» Entries provided
....................

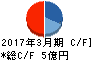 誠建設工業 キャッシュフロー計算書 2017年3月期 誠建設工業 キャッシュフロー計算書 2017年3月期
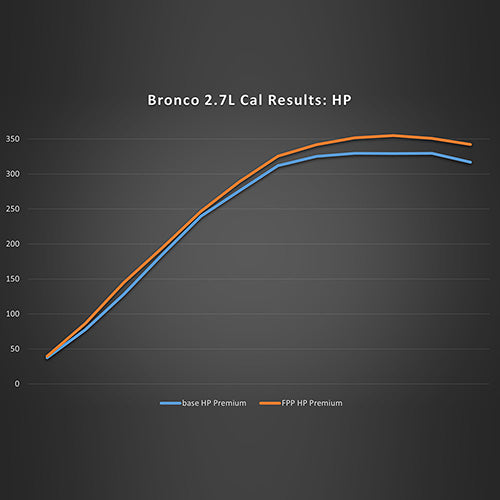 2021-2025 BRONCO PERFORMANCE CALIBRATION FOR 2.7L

....................

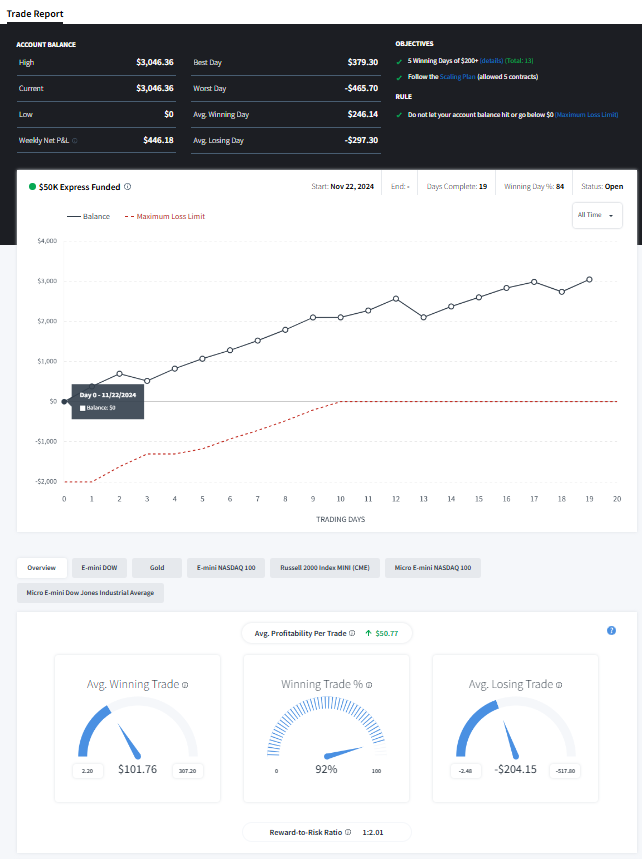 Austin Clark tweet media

....................

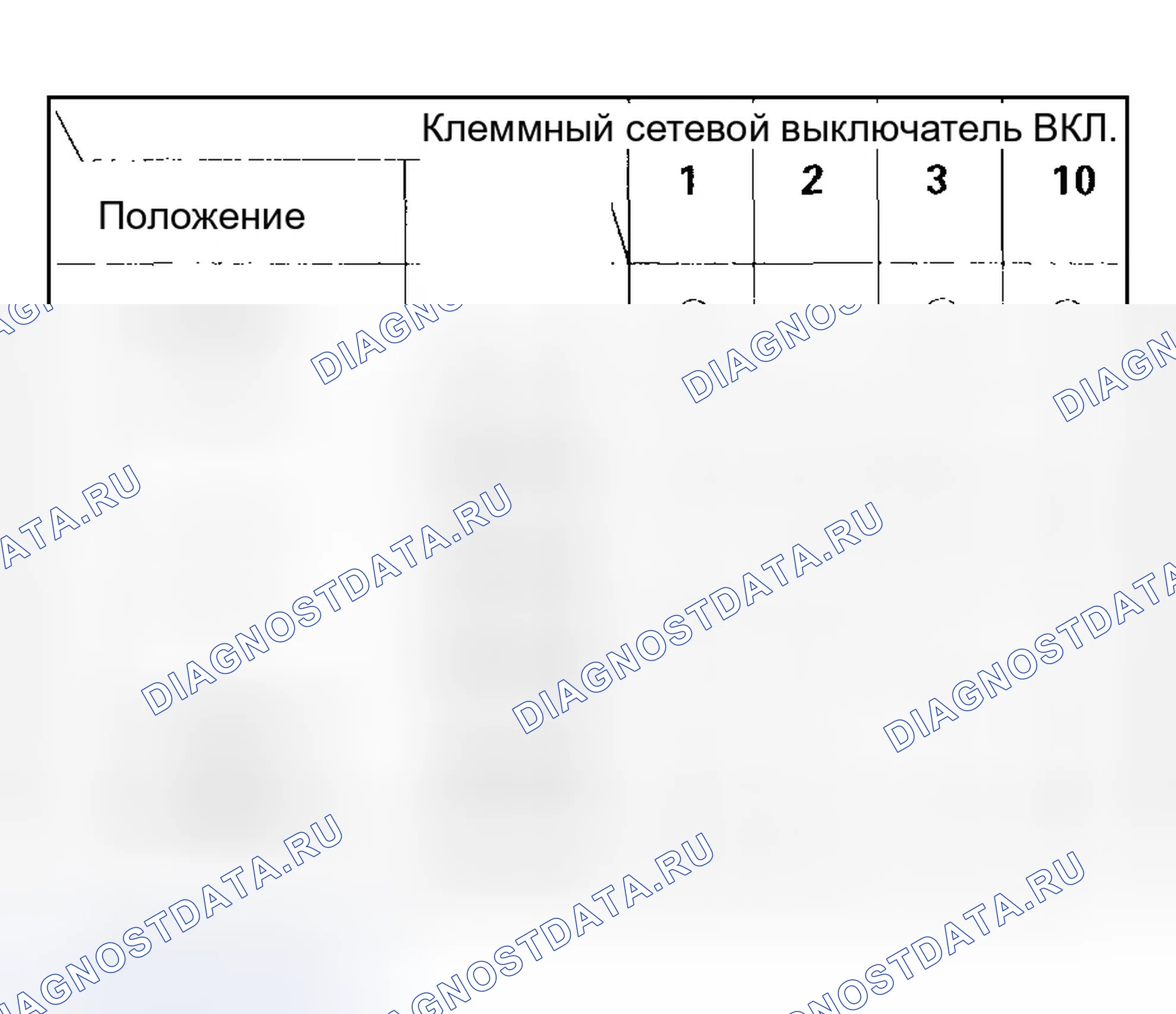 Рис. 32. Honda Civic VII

....................

» Assigned task
Both the line above containing "誠建設工業 キャッシュフロー計算書 2017年3月期 誠建設工業" and the line containing "2021-2025 BRONCO PERFORMANCE" belong in the copy, along with every line between them; print these exactly and omit the pictures.

» Answer space
 誠建設工業 キャッシュフロー計算書 2017年3月期 誠建設工業 キャッシュフロー計算書 2017年3月期
 2021-2025 BRONCO PERFORMANCE CALIBRATION FOR 2.7L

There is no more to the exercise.